La classe ouvrière existe encore — même si l’on parle à présent de
salarié-e-s — et la lutte des classes est toujours présente bien qu’elle soit occultée ou dissimulée par des formules alambiquées.
La récupération des mots est habile et les moyens aux mains du pouvoir sont énormes et omniprésents.
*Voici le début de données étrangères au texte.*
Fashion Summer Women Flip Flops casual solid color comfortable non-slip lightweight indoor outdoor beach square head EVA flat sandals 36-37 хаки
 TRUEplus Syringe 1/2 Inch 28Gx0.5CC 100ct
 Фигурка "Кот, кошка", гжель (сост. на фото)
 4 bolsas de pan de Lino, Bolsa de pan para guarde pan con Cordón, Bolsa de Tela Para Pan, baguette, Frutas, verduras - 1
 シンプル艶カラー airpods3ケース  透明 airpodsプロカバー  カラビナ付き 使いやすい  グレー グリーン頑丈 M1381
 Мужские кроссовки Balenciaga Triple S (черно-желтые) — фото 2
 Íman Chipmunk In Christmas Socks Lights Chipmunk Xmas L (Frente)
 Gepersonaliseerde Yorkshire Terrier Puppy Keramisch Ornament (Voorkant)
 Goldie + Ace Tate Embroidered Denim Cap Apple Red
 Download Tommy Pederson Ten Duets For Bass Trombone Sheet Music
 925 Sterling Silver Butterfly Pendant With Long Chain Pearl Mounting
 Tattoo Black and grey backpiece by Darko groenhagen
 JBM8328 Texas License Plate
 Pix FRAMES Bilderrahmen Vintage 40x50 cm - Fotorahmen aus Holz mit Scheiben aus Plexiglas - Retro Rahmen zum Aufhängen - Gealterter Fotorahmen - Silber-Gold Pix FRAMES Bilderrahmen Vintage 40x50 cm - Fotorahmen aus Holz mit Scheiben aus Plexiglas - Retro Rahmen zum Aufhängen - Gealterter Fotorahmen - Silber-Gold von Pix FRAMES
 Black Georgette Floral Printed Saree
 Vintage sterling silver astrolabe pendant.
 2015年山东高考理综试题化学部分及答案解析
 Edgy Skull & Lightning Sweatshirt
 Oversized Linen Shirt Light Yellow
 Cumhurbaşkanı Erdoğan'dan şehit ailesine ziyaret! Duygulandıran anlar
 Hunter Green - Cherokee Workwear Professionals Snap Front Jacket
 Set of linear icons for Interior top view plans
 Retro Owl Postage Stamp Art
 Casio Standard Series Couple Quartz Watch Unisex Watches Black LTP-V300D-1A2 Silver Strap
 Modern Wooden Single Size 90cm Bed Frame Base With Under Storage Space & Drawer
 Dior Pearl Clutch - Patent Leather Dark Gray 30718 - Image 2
Tous propriétaires ! Dans ce pamphlet, Jean-Luc Debry s’insurge contre la notion du « tout-cuit », du prédigéré et compagnie d’un soi-disant savoir universel inéluctable. Car il s’agit de résister à la pensée unique et à ses diktats assénés par tous les moyens médiatiques et de propagande,
Si l’on prend l’exemple du monde ouvrier, celui-ci a fait « l’objet d’une dévalorisation de sa “conscience de classe” afin de la rendre inopérante. [Du coup] le monde ouvrier est devenu inaudible. Isolé et moqué, il est désormais inclus dans la grande masse des employés gouvernés par des directions abstraites et régis uniquement par des logiques financières à court terme. »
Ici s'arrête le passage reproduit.